---- Given records
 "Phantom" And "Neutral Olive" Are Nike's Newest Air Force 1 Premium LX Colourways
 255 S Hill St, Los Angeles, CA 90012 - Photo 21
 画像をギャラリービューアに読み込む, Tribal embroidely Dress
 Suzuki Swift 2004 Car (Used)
--------
---- Given records
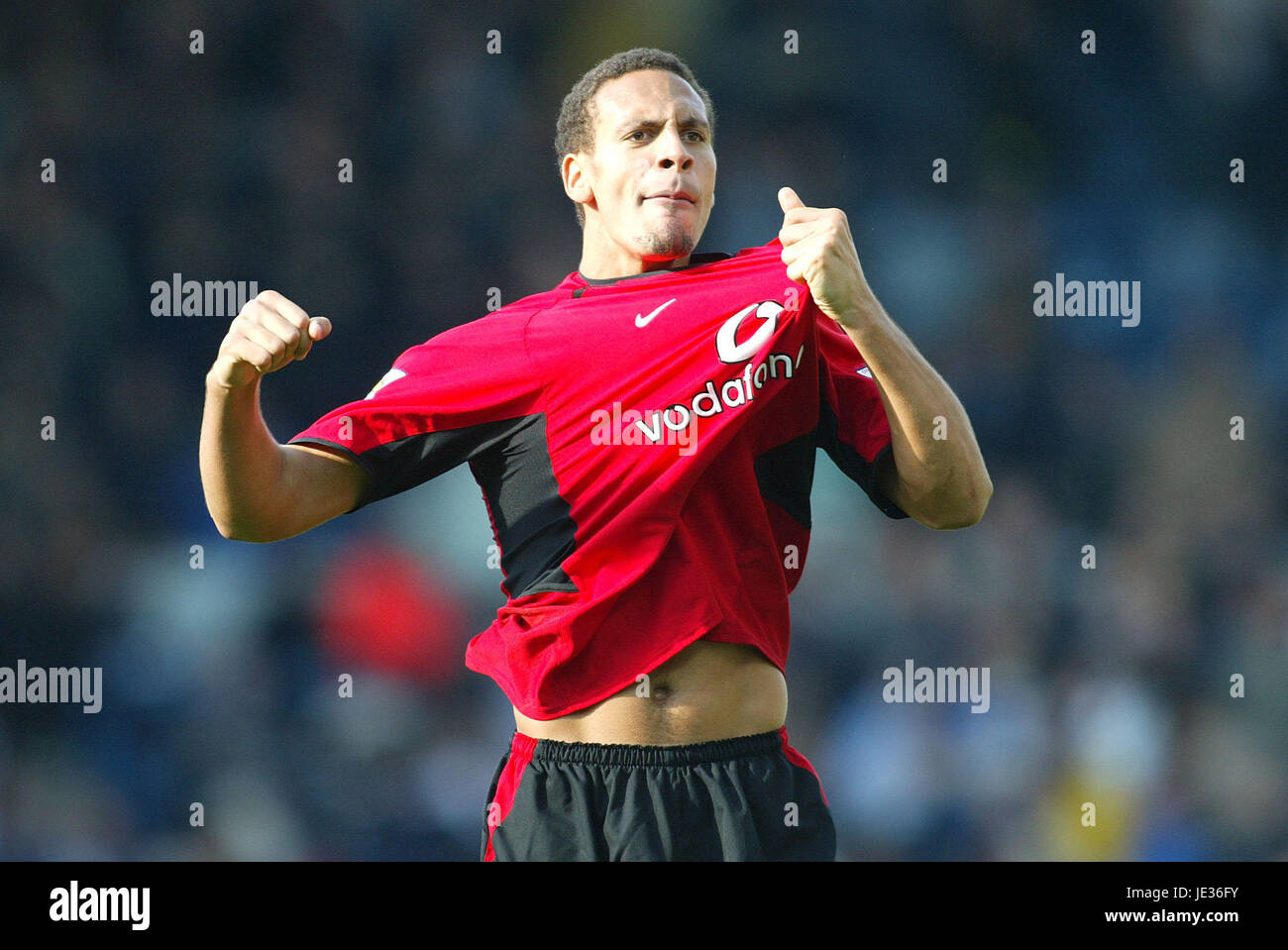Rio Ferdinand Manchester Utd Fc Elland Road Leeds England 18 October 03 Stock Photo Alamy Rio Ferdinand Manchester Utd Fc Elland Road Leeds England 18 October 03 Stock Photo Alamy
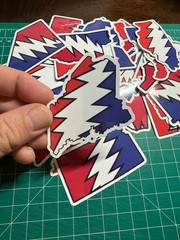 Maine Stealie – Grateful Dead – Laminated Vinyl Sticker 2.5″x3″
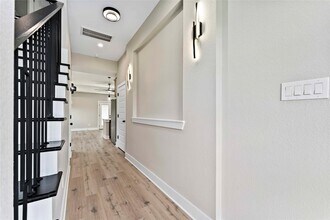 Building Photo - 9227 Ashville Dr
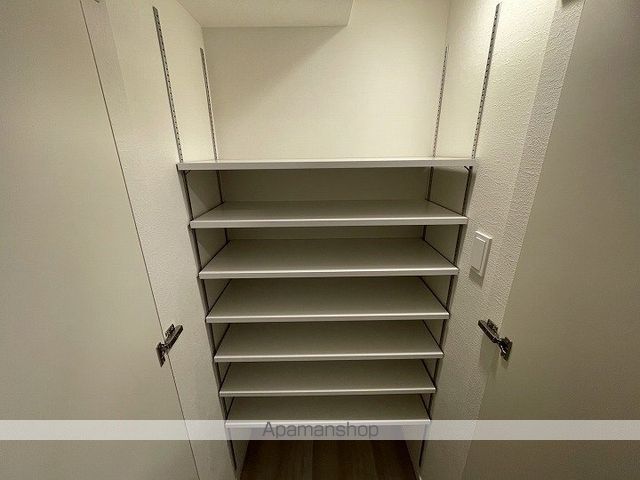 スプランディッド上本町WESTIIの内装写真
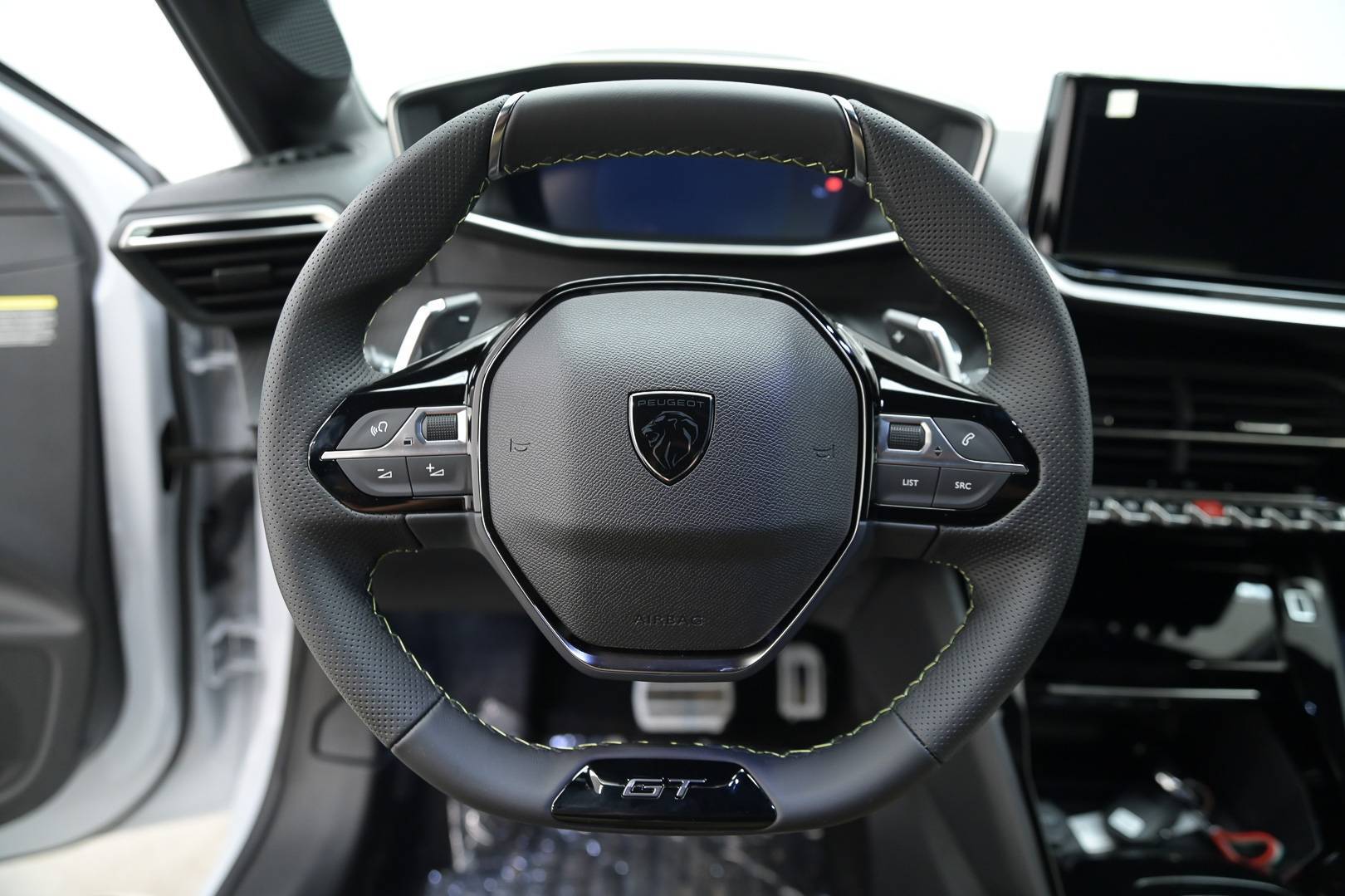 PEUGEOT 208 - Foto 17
--------
What are the lines above, starting at the one with "Premium LX Colourways" and ending at the one with "Suzuki Swift 2004 Car (Used)"? Give them again exactly, and only them.

### Exercise response:
 "Phantom" And "Neutral Olive" Are Nike's Newest Air Force 1 Premium LX Colourways
 255 S Hill St, Los Angeles, CA 90012 - Photo 21
 画像をギャラリービューアに読み込む, Tribal embroidely Dress
 Suzuki Swift 2004 Car (Used)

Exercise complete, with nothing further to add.